Counties by population and voter registration
| County | Population | Registered voters | Democratic | Republican | D–R spread | American Independent | Green | Libertarian | Peace and Freedom | Americans Elect | Other | No party preference |
|---|---|---|---|---|---|---|---|---|---|---|---|---|
| Alameda | 1,494,876 | 54.6% | 56.4% | 14.1% | +42.3% | 2.0% | 1.2% | 0.5% | 0.4% | 0.0% | 6.0% | 19.5% |
| Contra Costa | 1,037,817 | 58.5% | 50.4% | 21.8% | +24.8% | 2.6% | 0.5% | 0.6% | 0.2% | 0.0% | 0.2% | 23.7% |
| Marin | 250,666 | 61.5% | 54.4% | 18.2% | +36.2% | 2.1% | 1.4% | 0.5% | 0.2% | 0.0% | 0.3% | 12.9% |
| Napa | 135,377 | 56.2% | 46.9% | 24.2% | +22.7% | 3.0% | 0.8% | 0.8% | 0.3% | 0.0% | 0.5% | 23.4% |
| San Francisco | 870,887 | 62.4% | 55.6% | 8.6% | +47.0% | 1.8% | 1.7% | 0.6% | 0.3% | 0.0% | 0.3% | 31.1% |
| San Mateo | 711,622 | 50.7% | 51.3% | 19.4% | +31.9% | 2.1% | 0.7% | 0.5% | 0.2% | 0.0% | 0.2% | 25.5% |
| Santa Clara | 1,762,754 | 46.5% | 45.6% | 21.7% | +23.9% | 2.1% | 0.5% | 0.6% | 0.2% | 0.0% | 0.2% | 29.0% |
| Solano | 411,620 | 51.1% | 48.6% | 25.0% | +23.6% | 2.8% | 0.4% | 0.5% | 0.4% | 0.0% | 0.4% | 22.0% |
| Sonoma | 478,551 | 54.7% | 51.5% | 21.6% | +29.9% | 2.5% | 1.8% | 0.7% | 0.3% | 0.0% | 0.3% | 21.3% |

==Congressional districts==
Every Congressional district in the Bay Area is currently represented by a Democrat. According to the Cook Partisan Voting Index (CPVI), congressional districts the Bay Area tends to favor Democratic candidates by roughly 40 to 50 percentage points, considerably above the mean for California and the nation overall.

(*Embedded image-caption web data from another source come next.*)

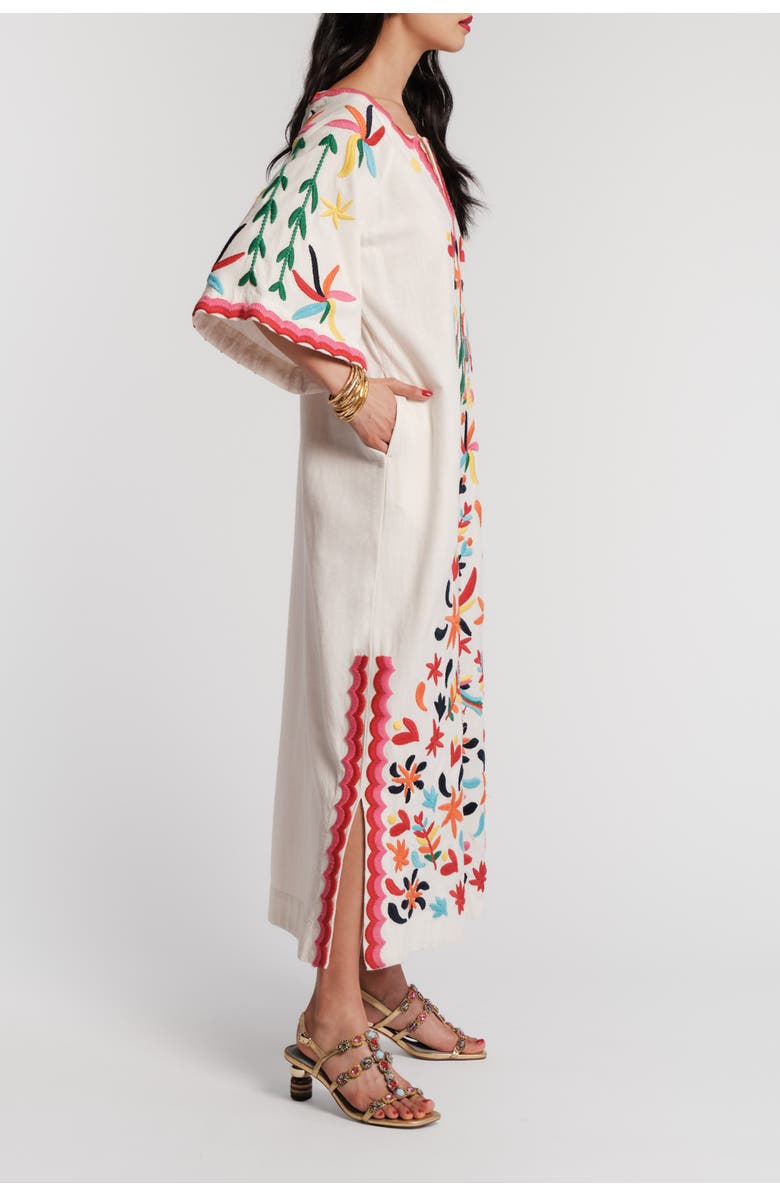 Frances Valentine Charming Caftan Veracruz, Alternate, color, Oyster/Multi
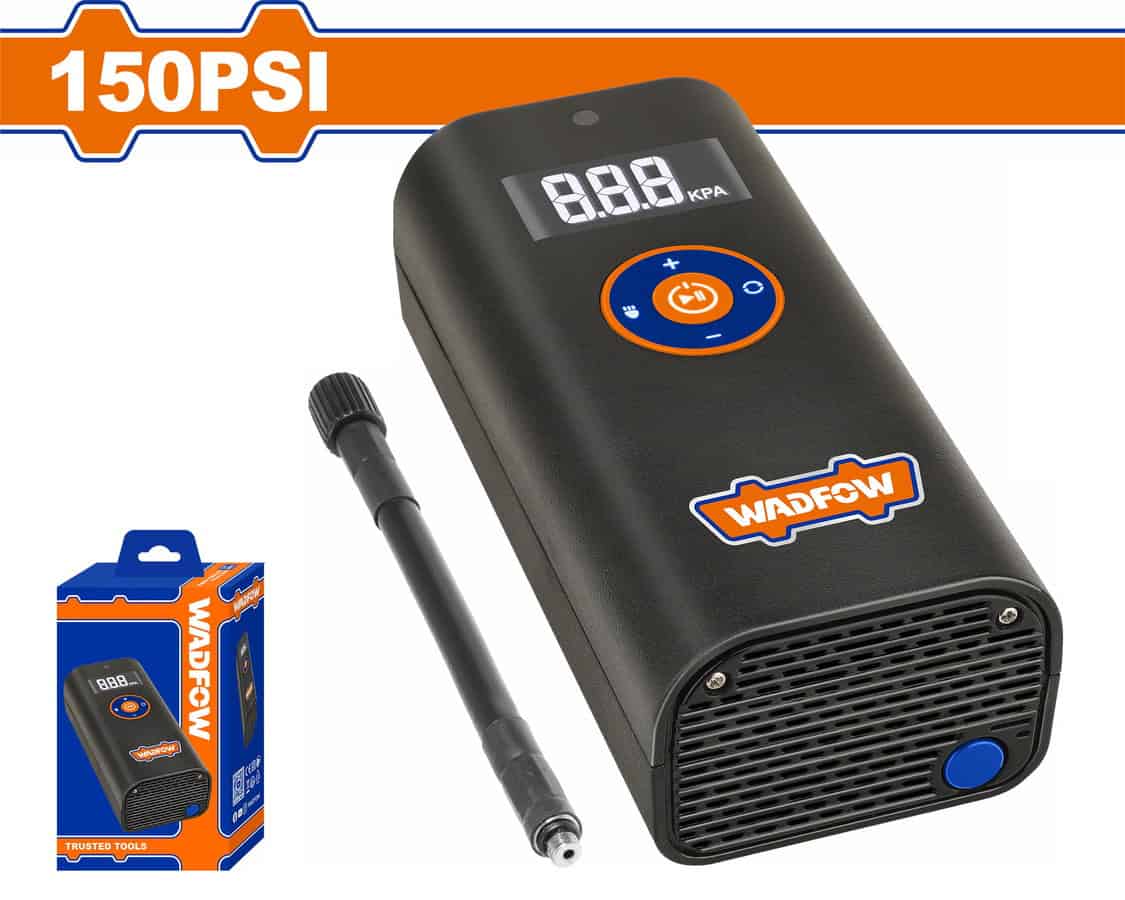 Wadfow WAAM572 Αεροσυμπιεστής Αερός Μίνι Μπαταρίας Li-ion 8V Type C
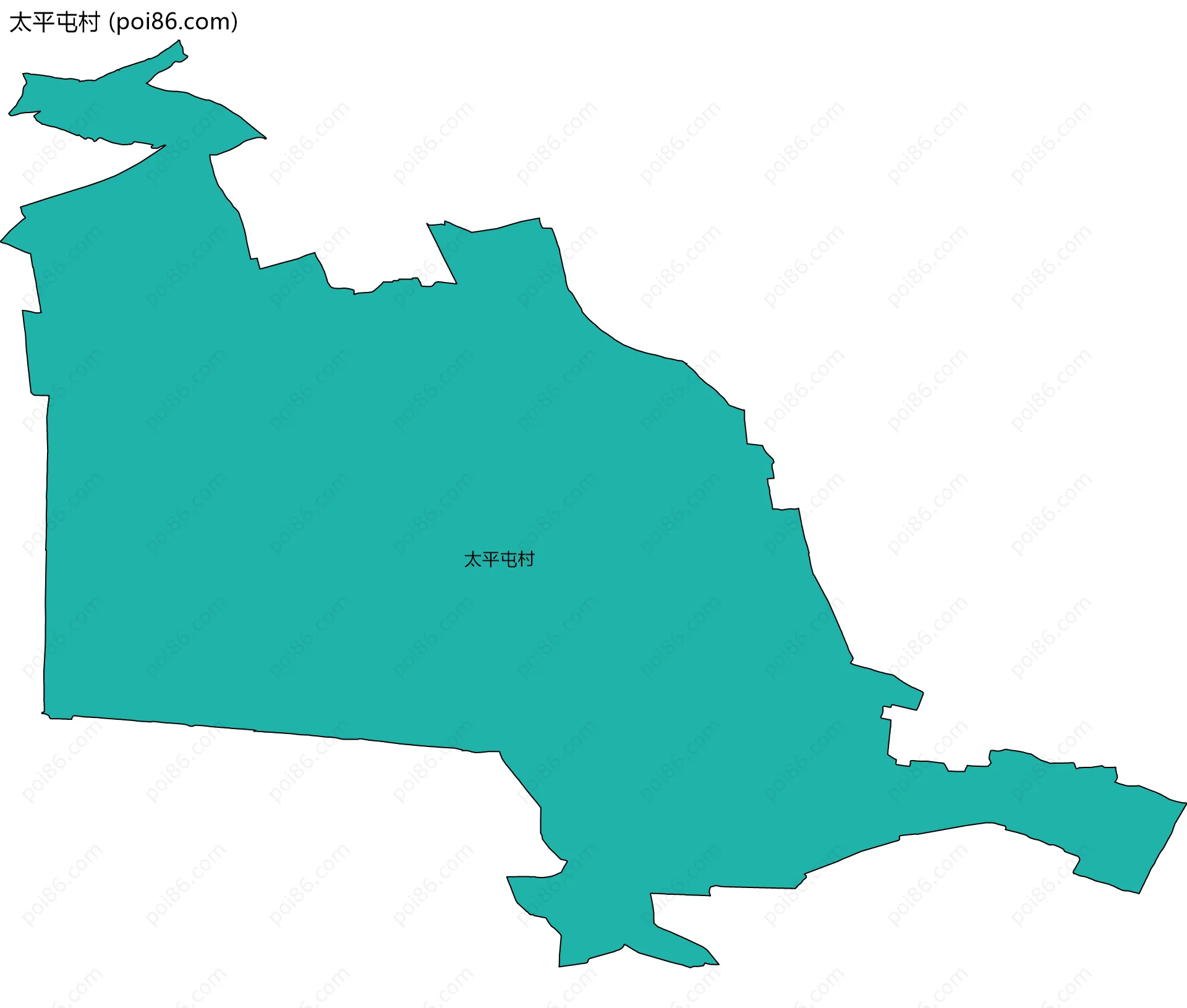 太平屯村边界地图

All congressional districts in the region voted for Democrat Kamala Harris over Republican Donald Trump in the 2024 Presidential Election.

| District | Location | Representative | Cook PVI | 2024 election results | Median household income (2025) |
|---|---|---|---|---|---|
| 2nd | Marin County and the North Coast | Jared Huffman | D+24 | 70.9%–25.7% Harris | $97,004 |
| 4th | Lake and Napa, most of Yolo, and parts of Solano and Sonoma | Mike Thompson | D+17 | 64.0%–32.8% Harris | $98,067 |
| 8th | Parts of Solano and Contra Costa around the Sacramento-San Joaquin River Delta | John Garamendi | D+24 | 70.1%-26.6% Harris | $95,876 |
| 10th | Most of Contra Costa: Concord, Southern Antioch, Walnut Creek and parts of Alameda, California | Mark DeSaulnier | D+18 | 65.2%-31.4% Harris | $151,546 |
| 11th | San Francisco | Nancy Pelosi | D+36 | 81.4%–14.1% Harris | $142,524 |
| 12th | Berkeley, Oakland, and San Leandro | Lateefah Simon | D+39 | 84.5% 10.6% Harris | $111,408 |
| 14th | Hayward, Union City, and the Tri-Valley | Eric Swalwell | D+20 | 65.8%-30.3% Harris | $137,402 |
| 15th | Most of San Mateo County and southern San Francisco | Kevin Mullin | D+27 | 72.2%-24.3% Harris | $151,494 |
| 16th | From Pacifica to the southern edge of San Jose through Menlo Park and western Silicon Valley | Sam Liccardo | D+26 | 72.5%-23.9% Harris | $181,659 |
| 17th | South of Fremont and northern Silicon Valley | Ro Khanna | D+25 | 66.7%-28.8% Harris | $181,913 |
| 18th | San Jose and Morgan Hill | Zoe Lofgren | D+23 | 63.2%-33.7% Harris | $103,010 |
| Median | — | — | D+19 | 72%–25% Harris | $69,316 |

During the Base Realignment and Closures (BRACs) of the 1990s, almost all the military installations in the region were closed. The only remaining major active duty military installations are Travis Air Force Base and Coast Guard Island.